Participating with us today are Craig Monaghan, our President and Chief Executive Officer; Michael Kearney, our Executive Vice President and Chief Operating Officer; and Keith Style, our Senior Vice President and Chief Financial Officer.
At the conclusion of our remarks, we'll open up the call for questions and I'll be available later for any follow-up questions you might have. Before we begin, I must remind you that the discussion during the call today is likely to contain forward-looking statements.
Forward-looking statements are statements other than those which are historical in nature. All forward-looking statements are subject to significant uncertainties and actual results may differ materially from those suggested by the statements.
For information regarding certain of the risks that may cause actual results to differ, please see our filings with the SEC from time-to-time, including our Form 10-K for the year ended December 2013, any subsequently filed quarterly reports on Form 10-Q and our earnings release issued earlier today.
We expressly disclaim any responsibility to update forward-looking statements. It is my pleasure to hand the call over to our CFO, Keith Style..
Thanks, Matt. Good morning, everyone, and thank you for joining us today. This morning we reported record EPS from continuing operations of $1.19 for the second quarter. This represents a 21% increase from last year's adjusted income from continuing operations. There are no adjustments to our earnings this quarter.
The prior year quarter included real estate related charges totaling $3.2 million or $0.11 per diluted share. We continue to be pleased with the way our stores are performing driving growth in all areas of the business while maintaining cost control discipline. Total gross profit for the quarter was up $25.6 million or 12%.
70% of our incremental gross profit was from used vehicles, finance and insurance and parts and service. SG&A as a percent of gross profit decreased 90 basis points from last year to a ratio of 68.3%.
Our disciplined expense control enabled us to leverage the significant increase in the year-over-year gross profit and created flow through for the quarter of 40%. Turning to capital deployment.

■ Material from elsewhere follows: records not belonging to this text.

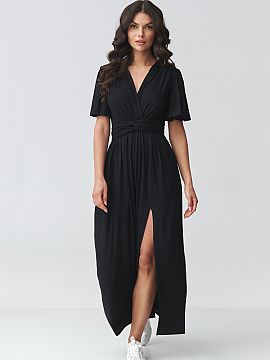 day dress Makadamia  Stylish maxi dress is a perfect choice for women who appreciate class, femininity, and comfort. The model with a striking wrap neckline beau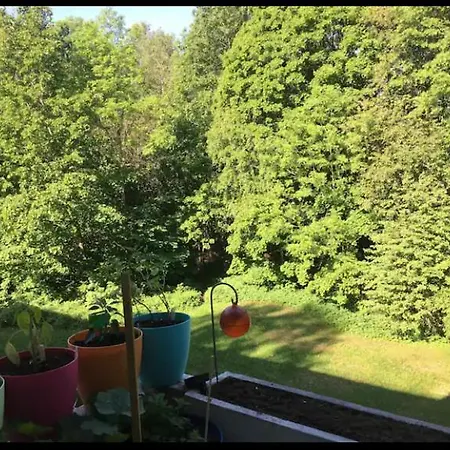 Spacious 2br In Quiet, Green Area Lejlighed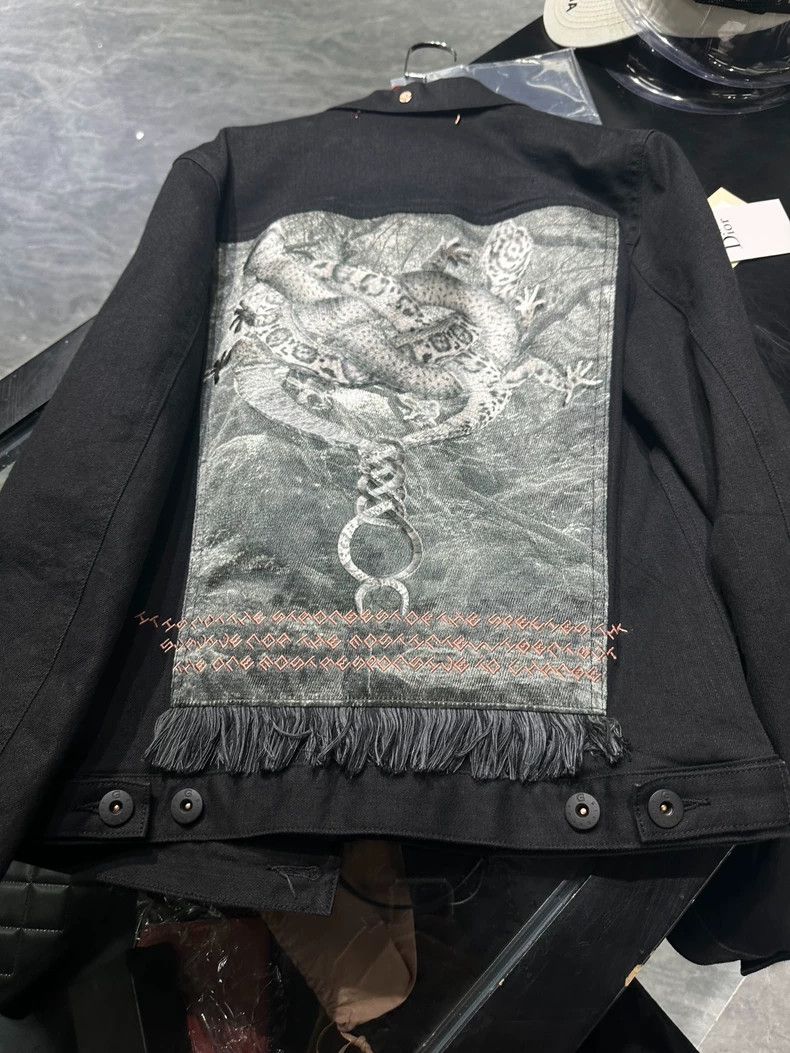Givenchy Givenchy Shark Embroidery Denim Jacket - dmc Size US M / EU 48-50 / 2 - 1 Thumbnail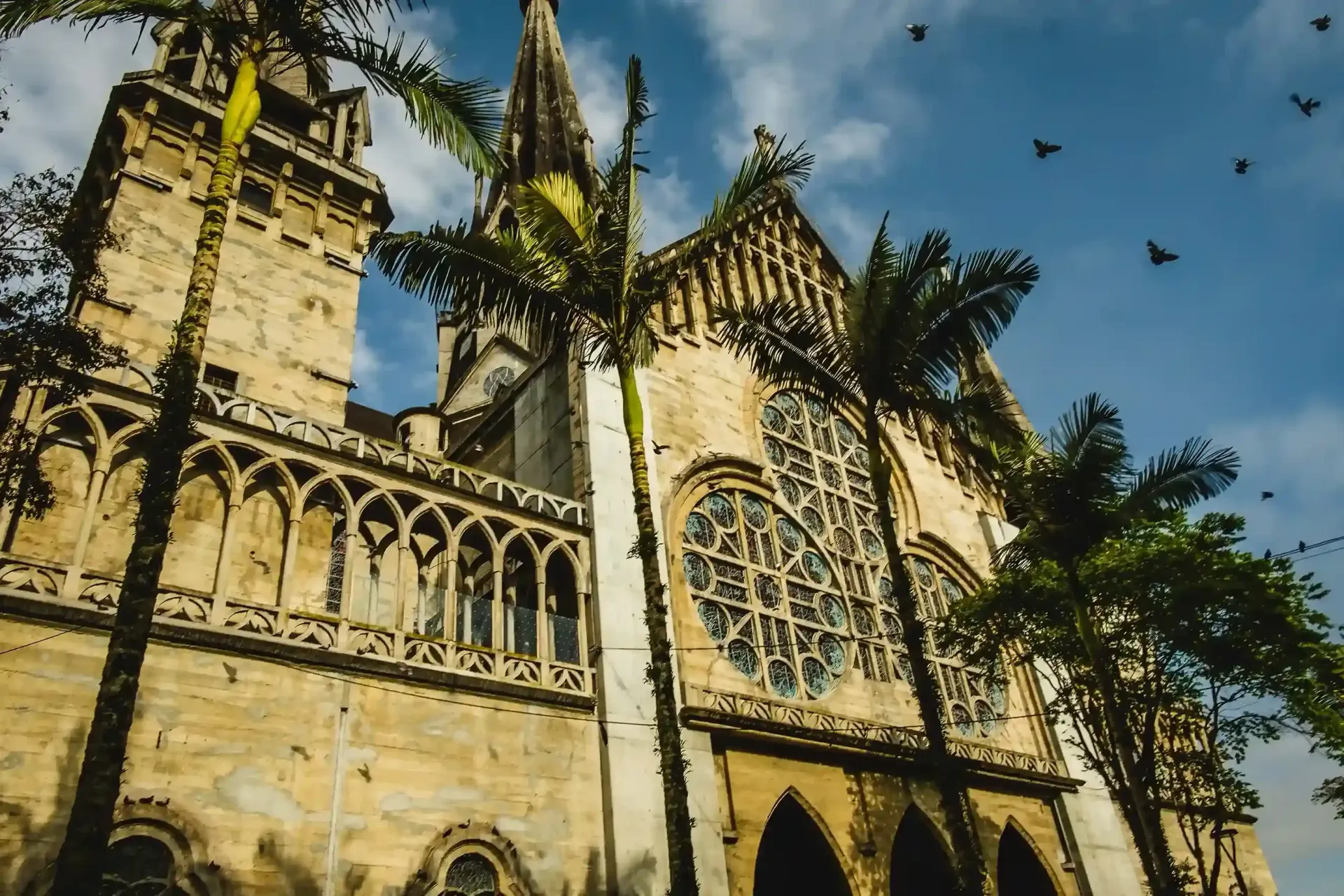 Catedral Basílica de Manizales, uno de los sitios turísticos más emblemáticos del Eje Cafetero.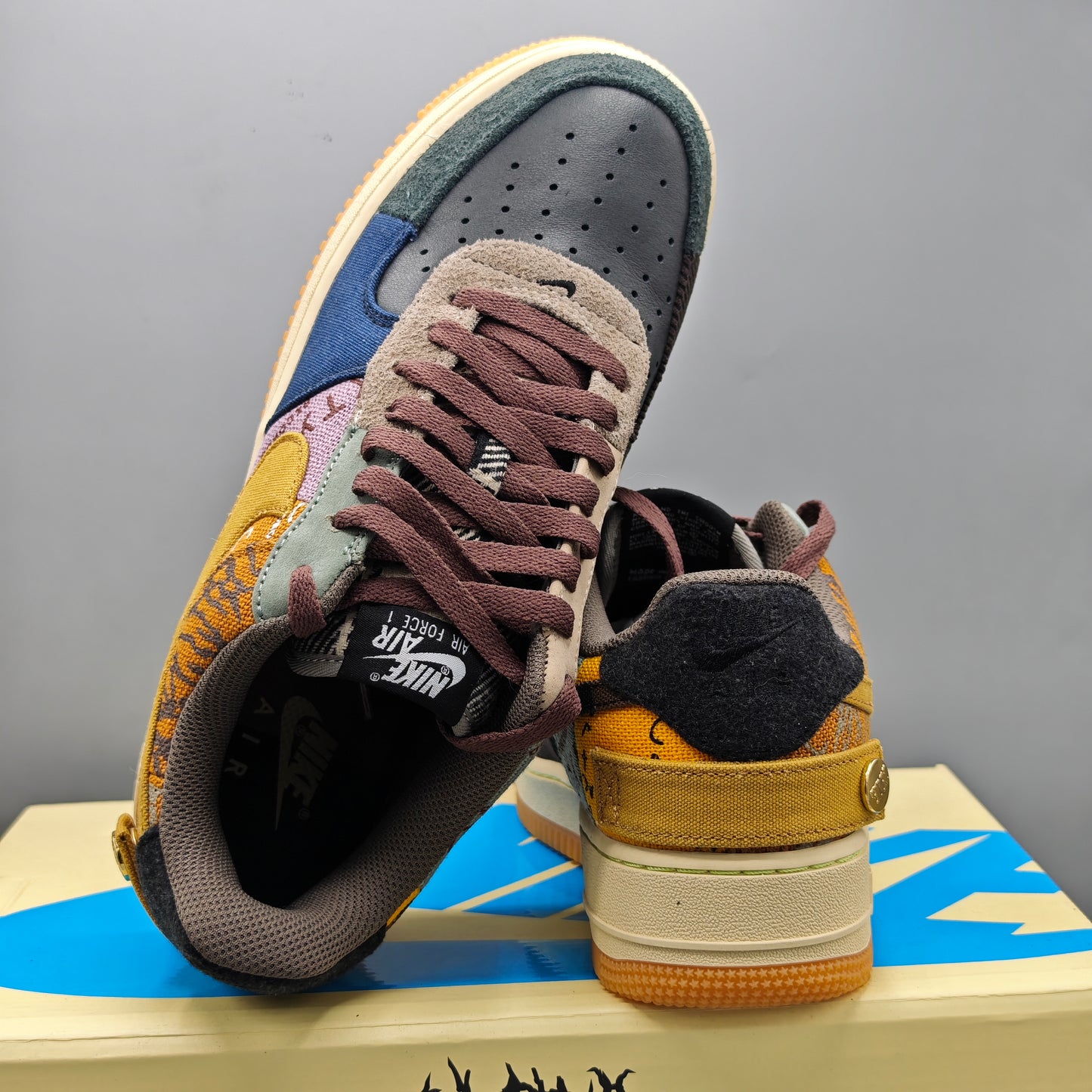 Nike Air Force 1 Low x Travis Scott Cactus Jack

In the second quarter we acquired a Hyundai franchise in DeLand, Florida, with annualized revenues of approximately $40 million.

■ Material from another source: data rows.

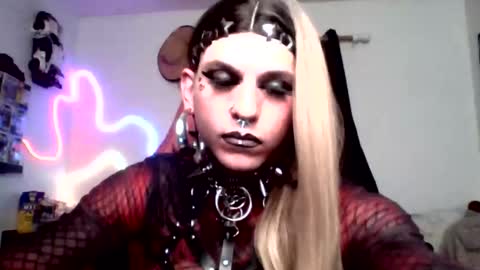 joselyncrystal250 online show from March 26, 6:17 am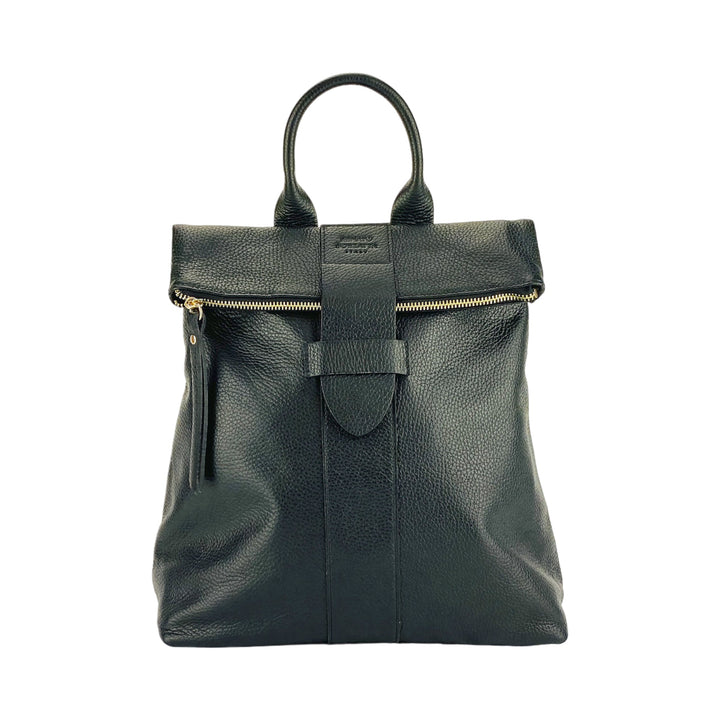 RB1021A | Soft women's backpack in genuine leather Made in Italy with adjustable shoulder straps. Zipper and accessories in shiny gold metal - Black color - Dimensions: 30 x 34 x 10.5 cm-2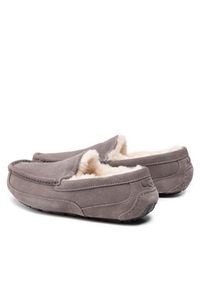 Ugg Kapcie M Ascot 1101110 Szary. Kolor: szary. Materiał: skóra #5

During the second quarter we spent $18.2 million on CapEx to upgrade our stores, expand our service capacity and invest in technology. We continue to budget CapEx of $60 million for 2014, which includes our core annual CapEx plan. In addition, we estimate an incremental $25 million of capital commitments related to our Q auto initiative in 2014.

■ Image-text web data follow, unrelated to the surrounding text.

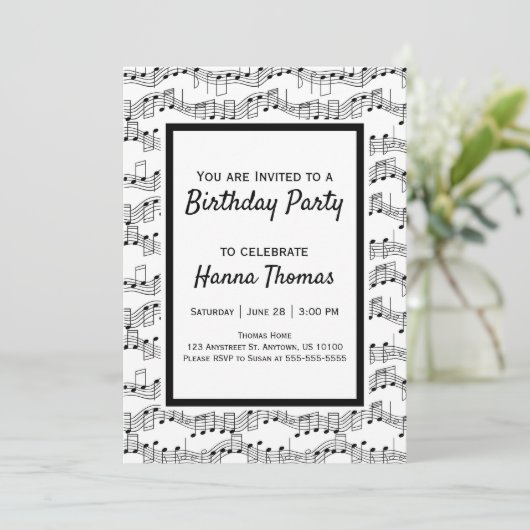 Muzieknoten Musical Birthday Invitation Kaart (Staand voorkant)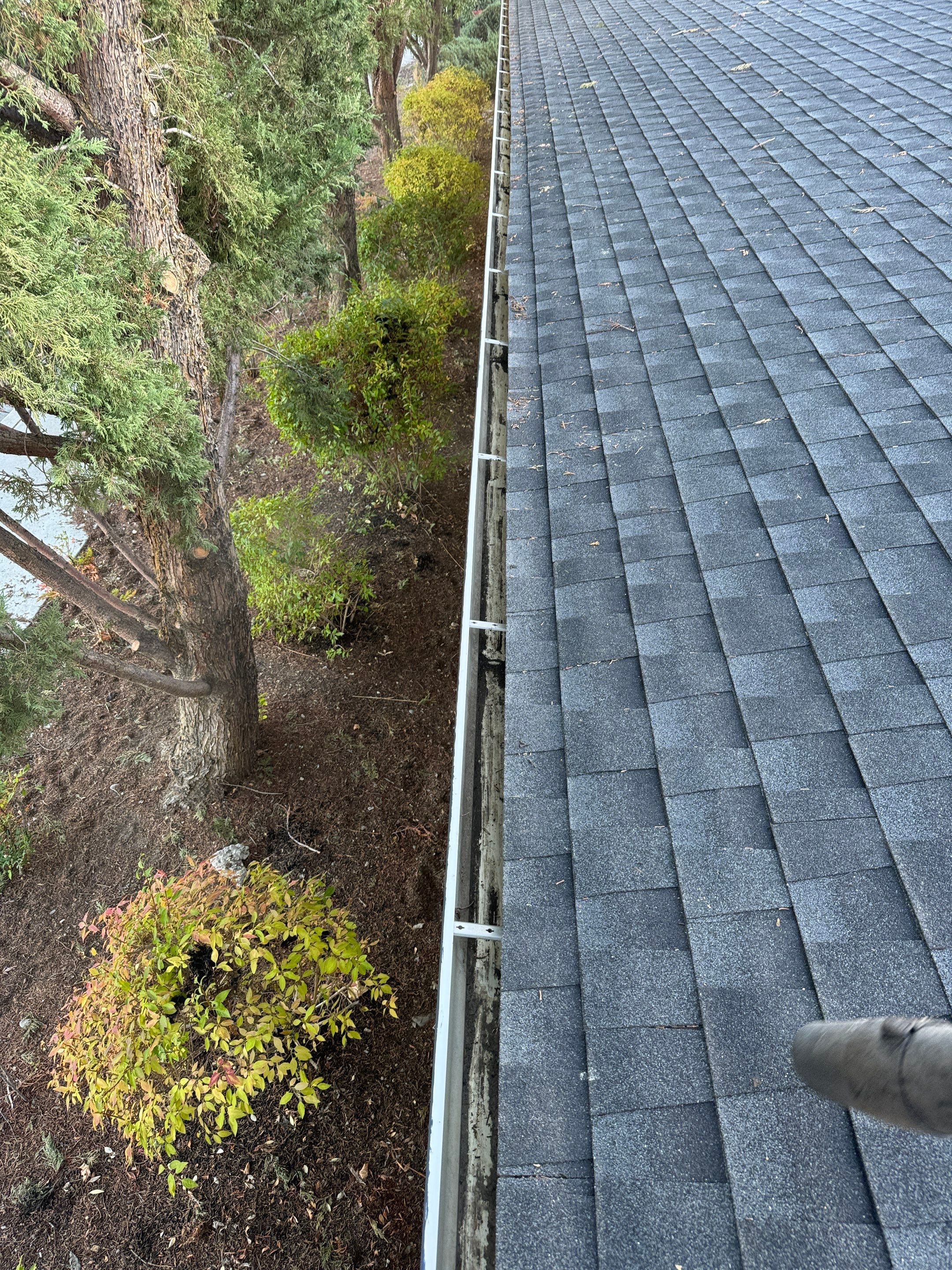 Commercial gutter cleaning Sparks, NV after photo with clean gutters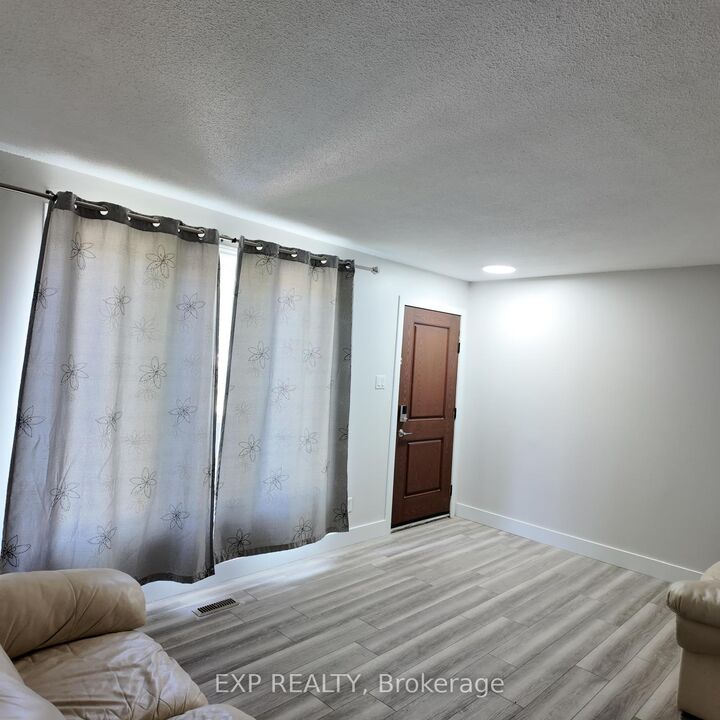 Property Photo: 74 Almond Road Upper ON N5Z 4C4
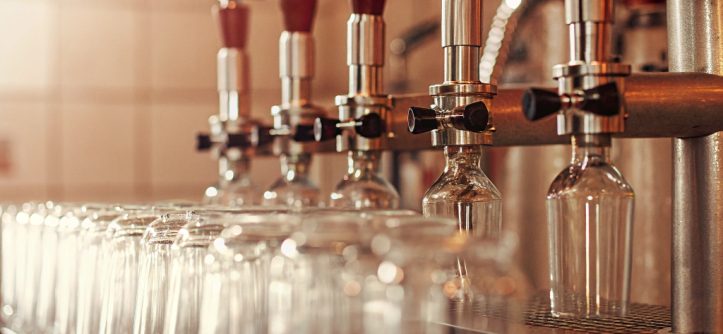 Get crystal clear, hygienic glasses every time with our industrial bar and pub glass washers. Maximize safety and minimize hassle!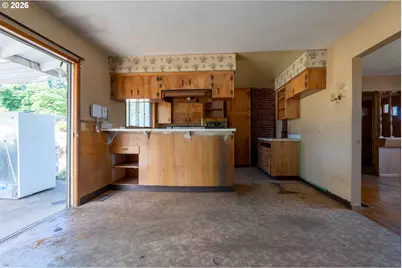 11830 NE Fremont St, Portland, OR 97220 - Photo 8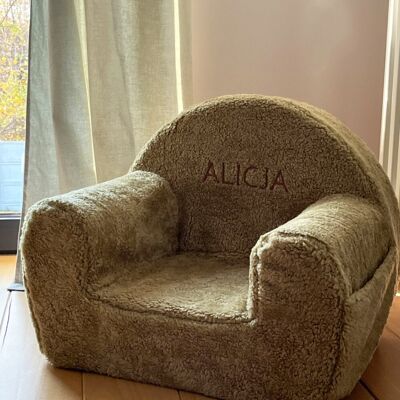 Teddy - chair seat with an embroidered name in green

Also, in the second quarter we repurchased $20 million of our common stock or 322,000 shares. Year-to-date, we have repatriated $29.4 million of capital to our shareholders under our share repurchase program and as we announced last week, our board of directors increased our current share repurchase authorization to $100 million.
Finally, from a liquidity perspective, we ended the quarter with $7 million in cash. $50 million available in floor plan offset accounts, $92 million available on our used vehicle line and $160 million available under our revolver.
And subsequent to quarter end we entered into 10-year mortgages with one of our captive finance partners totaling $59.8 million at a fixed rate of 4.25%.
In summary, we have sufficient liquidity to support our balanced capital allocation plan over the remainder of 2014 as well as the financial flexibility to invest in our strategic growth plans over the next couple of years. Now I will hand the call over to Michael to discuss our operational performance.
Michael?.
Thank you, Keith. We are extremely proud of our company's performance this quarter. Our gross profit increased 12% through growth in all of our business segments. This growth helped produce another record operating margin of 4.8% compared to 4.3% in the prior year period.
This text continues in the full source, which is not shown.